CONFER: Why stocks are higher than expected

By Bob Confer
The Tonawanda News

Tonawanda News — A question that people have asked me quite often over the past few years is this: “If the economy is so bad, then why is the stock market so high?”

It’s a legitimate thing to ask. In October of 2007 the Dow reached an all-time high of 14,164. During the Great Recession, the market bottomed out in March of 2009 at 6,547. In the past 52 weeks we’ve seen a peak of 13,661 and, as I write this column, we’re at 12,570. Those aren’t pre-recession levels, but they’re still pretty good considering what the global markets went through.

No one would have expected the Dow to double — let alone surpass just 10,000 — in just a couple of years. It doesn’t match what has really happened in the economy. Most Americans are just as pained and worried as they were during the Recession; such is to be expected when the widely-accepted unemployment rate has languished around the depressing 8 percent mark. That number, which in itself doesn’t reflect reality, is only that small because so many people have dropped out of the workforce or have lowered their expectations to part-time employment. Taking into consideration those individuals through the U6 unemployment rate, true unemployment is really at 14.6 percent.

You can see why people are confused by the inverse relationship between economic indicators.

So, what does account for the stock market’s ascension?

The answer is simple. It’s the only game in town.

It used to be that the working man could plan for his future by dabbling in one or more of the following: investing in the stock market, buying real estate, acquiring government debt, or buying certificates of deposit. Now, only the first one is a legitimate endeavor because the other 3 are just shadows of their former selves.

Consider real estate. The primary cause of the Great Recession was the bursting of the housing bubble. People bought expensive homes that they shouldn’t have (while lending institutions and the government enabled them) in hopes of continued growth in the market, believing they could turn around and sell the home a few years later for many dollars more. It wasn’t long before it was realized

that they couldn’t support their investments: Rising energy and food prices socked the economy in 2007. That caused job cuts and cutbacks which in turn affected those who had taken on the exorbitant home payments. Housing prices plummeted and homeowners who were underwater abandoned ship. Because of that sting, people are hesitant to buy first and second homes again, banks won’t

allow them to, and, above all, many people are incapable of doing so in today’s world because of high unemployment and lower wages.

Government bonds and notes used to be solid investments, too.
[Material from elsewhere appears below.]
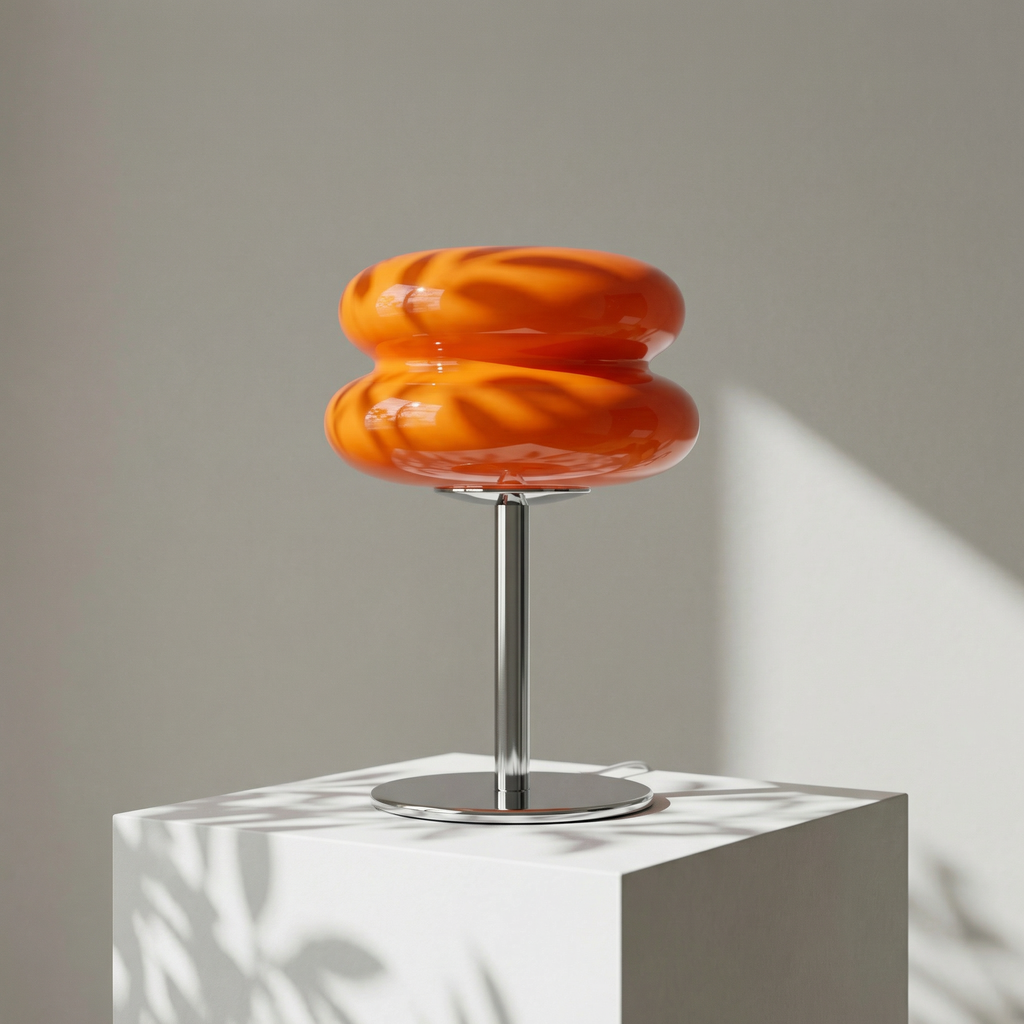 Atomic Orange Table Lamp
Someone could buy the debt from the government and, years down the line, reap the rewards from a solid yield in the 5 to 9 percent range in the 1990s and a middling 3 to 6 percent during the 2000s. Now, a 10-year Treasury note has a yield around 1.5 percent. To buy them at such low rates, you’d have to be either a fool, ungodly conservative, retired or worried about an all-out economic collapse. What has contributed to this destruction of the bond market is the willingness of the Federal Reserve to continue to buy-up debt in an effort to keep the federal government afloat.

The Fed has also been complicit in the loss of gains on Certificates of Deposit (CDs). Borrowing from the Fed and other banks is too easy for financial entities thanks to historically low rates, so banks no longer have a reason to lean on consumers for borrowing. Back in the 1980s your average investor could make a killing on CDs – 6-month returns were as high as 17 percent and 5-year CDs were at 12 percent. Now, banks market to their clients 2 percent yields like they’re the best thing going.

So, that leaves the stock market as the only legit outlet for retirement and investment, especially for those in their 30s and 40s. The markets rose like a phoenix because of an ongoing influx of cash by private investors, 401(k)s, public sector pension plans and more. Due to job losses and other ground level economic issues – such as Baby Boomers who are coming of retirement age, pulling money out and socking it away in ultra-conservative notes and bank accounts - the annual input may not be as high as it was in 2007, but nonetheless, it continues to the tune of hundreds of billions annually. Any system receiving such an influx of cash is certain to prosper, no matter the conditions.